My Students Are Not Me

Sometime in elementary school a teacher taught number bases. I was fascinated. It was interesting. It was fun. It made perfect sense to me. I spent hours converting numbers from one base to another. For some reason base 5 and base 7 struck me as a lot of fun. I played with Binary and Octal as well. It just came easy. Lately I have been teaching (or trying) Binary to my students in our Explorations in Computer Science class. My students are not (to no ones surprise) me.

Some of them get it quickly. Some of the get it after a bit. And some of them just seem to think I am crazy. I have to remind myself that not everyone sees things the same. I have a lot of Resources For Teaching Binary Numbers (that is one of my most read posts BTW) and I am using a number of them. There is no one right way that works for everyone. I think I’ll keep trying.

I’m teaching classes and objects to my programming class these days and seeing the same sort of thing. Some people get it right away while others struggle.

Honestly I struggled with some of the concepts for a while myself. This is a big topic and I find that different people struggle with difference aspects of it.

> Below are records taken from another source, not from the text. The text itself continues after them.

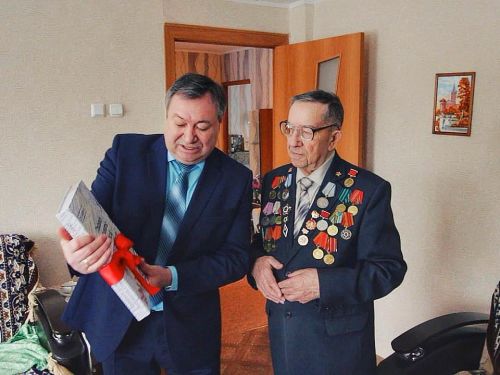 14 февраля - Международный день дарения книг: Глава Ачинска лично поддержал акцию «Книгодарения» и подарил фронтовикам альбомы под грифом «Совершенно секретно»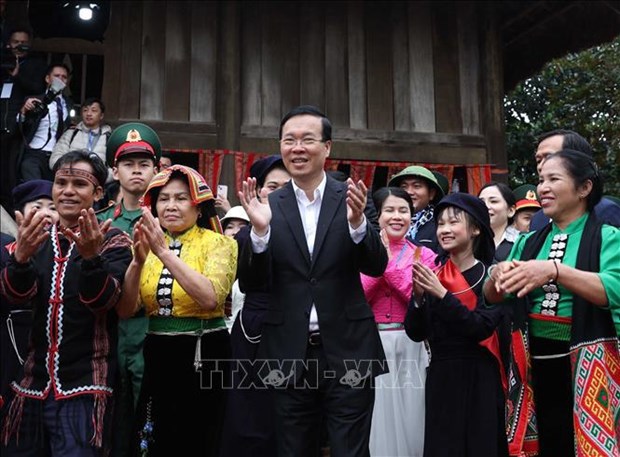 President attends ethnic spring festival in Hanoi’s suburban town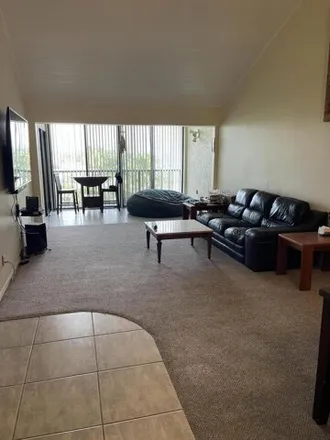 Buy this 1 bed condo on Beachtree in Fort Pierce, FL 34949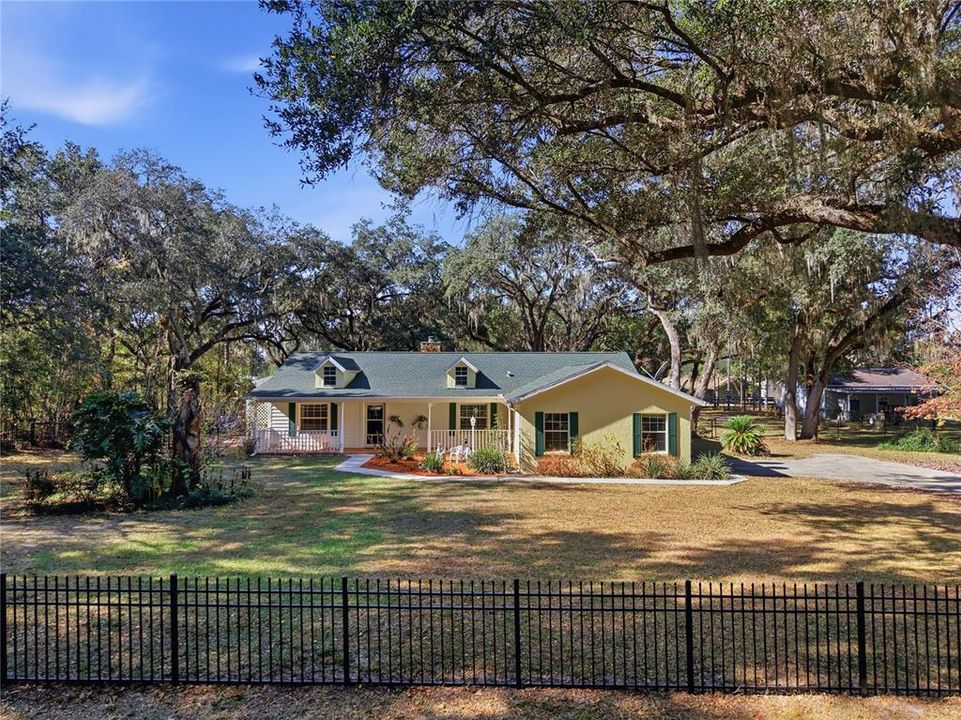 На продажу: $310,000 (3 спален, 2 ванн, 1710 Квадратных фут)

Why do we send messages for example. (see Don’t Just Grab the Wheel, Ask the Driver to Turn) The difference between getting methods and setting methods for an other. Again what was easy for me may be hard for others. And what was hard for me may come easy for others. I have to remind myself of that. It’s not all me and it is not all them.

There is never one right way to introduce a concepts to students. This is seldom more true than with computer science topics. So many of them are very far outside of a student’s previous experience. They often don’t have a good context to start with. It is up to me as a teacher to provide some context, some purpose, and to try and find enough ways to explain things that most (shooting for all) of my students to “get it.”

This as much as anything else is why teaching is so hard for some many people. It is easy to fall into the trap of saying “This explanation worked for me so it should work for everyone.” Well I think I’ll go now. I’m going to look at a video that may help some of my students.

1 comment:

Michael S. Kirkpatrick said...

I love this. It reminds me of a conversation that I had recently with someone. I was arguing that teachers are not treated as professionals in this country, partially because most people don't know what teaching actually is. This person, in particular, was making points that fall into a view that I summarize as "teaching is tutoring at scale." That is, if you are a good tutor, you will be a good teacher; the only difference is that multiple students here your perfectly clear explanation instead of one at a time. I find this fundamentally flawed perspective to be very widespread among those who have never taught in a classroom. And you have presented the counterargument quite beautifully. My students are not me.

P.S. I discovered your blog via Mark Guzdial's, and I am glad to have found it.